Democracy in action
On Sunday, after eight years of tax cuts and chipping away at the welfare system, Sweden voted out the center-right Alliance coalition, giving a plurality of the vote to the center-left Social Democrats. Prime Minister Fredrik Reinfeldt said he will tender his and his government's resignations on Monday.
It wasn't an overwhelming victory for the center-left: The Social Democrats got 31.1 percent of the vote, while Reinfeldt's Moderate Party got only 23.2. With the Green Party and Left Party, the Social Democrats have 43.6 percent of the vote, versus 39.4 percent for conservative Alliance bloc. The big surprise of the election, unnerving for many Swedes, is the 13 percent garnered by the far-right anti-immigration Sweden Democrats party, which doubled its vote from four years ago.

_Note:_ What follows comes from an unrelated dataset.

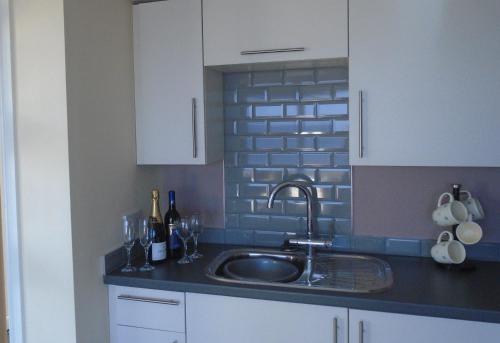 uma cozinha com um lavatório e uma parede de tijolos em Beach Cottage em Berwick-Upon-Tweed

Social Democrats leader and presumptive new prime minister Stefan Lofven will have a daunting task putting together a governing majority, and may have to try to poach centrist parties from the Alliance. Analysts say the defeat of the Alliance reflects Swedes' discomfort with the rising inequality, privatization, and cuts to Sweden's prized social welfare services, affecting everything from education to health care. Sweden's liberal immigration policy isn't likely to change, as welcoming refugees from Syria and elsewhere is supported by both center-right and center-left.